How do you test your pool water? Can you post up a full set of test results?

Take care.
 
Thanks.

Prior to coming here I had a simple 2-tube tester that needed 5 drops to test for chlorine, 5 drops for pH. I now have the big Taylor test kit and since I started SLAMming I'm running low on a lot of the agents.

I'll go out and test after this thunderstorm moves through, but I've posted here about my difficulty in ascertaining the CYA. Using the Taylor kit, I can't really tell if it's 60 or 70, and using the strips (which I know are inaccurate) it seems to be in the color range denoted by "30-50". I was SLAMming the pool for two weeks with the assumption that my CYA was 60, and it really didn't clear up until I brought the FC up to 28, the amount corresponding to a CYA of 70. Now whether that's because it was just at the end of its clean-up or because it actually needed to be 28, I don't know.

I really had no idea the tabs raised the CYA but my whole reason for coming here initially is that the water wouldn't hold chlorine. That hadn't happened in all the time I've lived here and if I can avoid the "spiraling" again then it's probably worth going full liquid chlorine. I remember from SLAMming that 1 gallon of bleach raises the FC in a 30,000 gallon pool by 2 ppm, so my rough estimate is that the pool would need between 1 and 2 gallons of bleach a day, or between 0.5 and 1 liquid chlorine.

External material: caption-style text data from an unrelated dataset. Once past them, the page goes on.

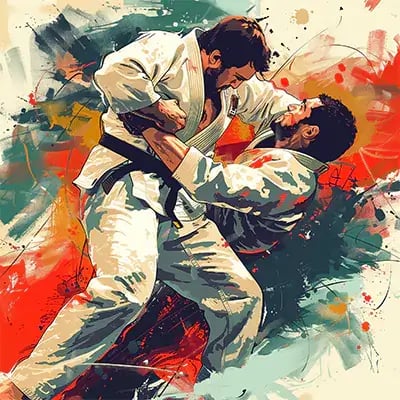 Hai võ sĩ judoka đang thực hiện một động tác ném, một người tận dụng đà của người kia để thể hiện kỹ năng và kỹ thuật. 
Nền bùng nổ với những mảng màu sắc thu hút năng lượng và chuyển động của Judo. 
Điều này thể hiện sự tập trung của chương trình Judo vào các cú ném, hạ gục và kiểm soát mặt đất, cũng như tính kỷ luật và tôn trọng là cốt lõi của nó.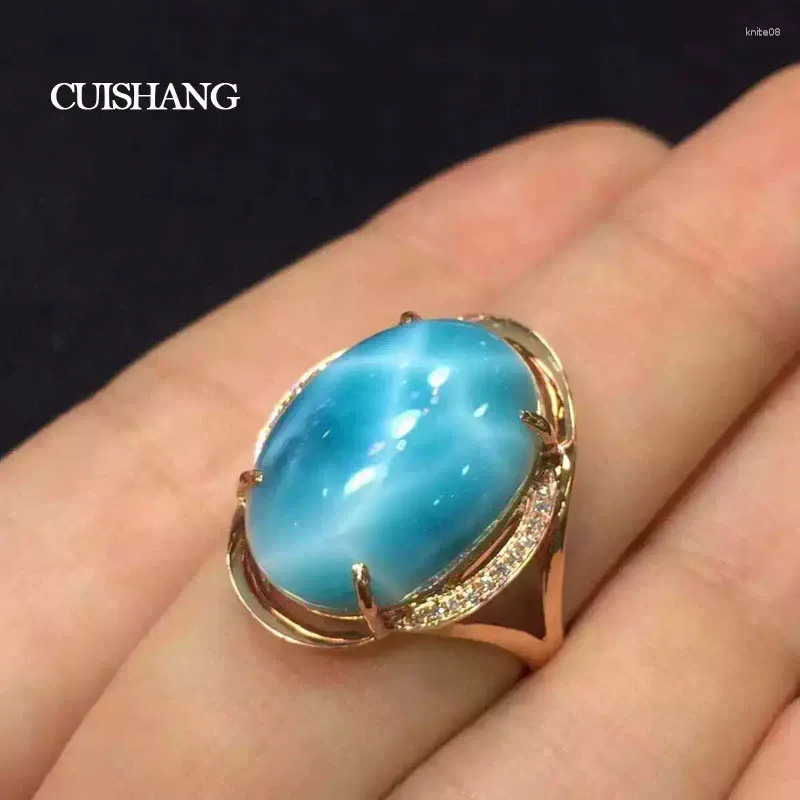 Pierścienie klastra CSJ Naturalne Larimar Sterling 10K Gold z 10ct Fine Biżuter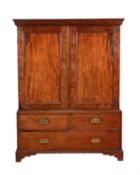 A George III mahogany linen press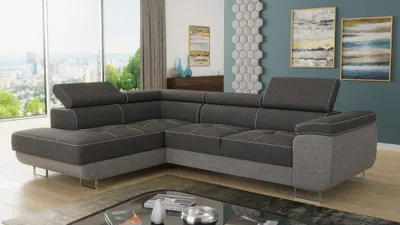 Produktbild von silape Ecksofa Caris, Webstoff Sawana Grau + Dunkelgrau, links, mit Schlaffunktion, Bettkasten und einstellbaren Kopfstützen, Delfin-Ausziehsystem, Hebeautomatik, B 273 T 203 H 90 cm, Schlaffläche 195x123 cm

That's a lot of hauling, not to mention like close to $4/day in chlorine.
 
Once you successfully complete the SLAM, your pool will consume 2-4 ppm of FC per day, typically. High bather use, large organic loads, etc can change that.

You will need to add to the pool what is necessary to maintain it sanitary and algae free. Once your CYA hits 50 or so, your only real choices are liquid chlorine or a SWCG.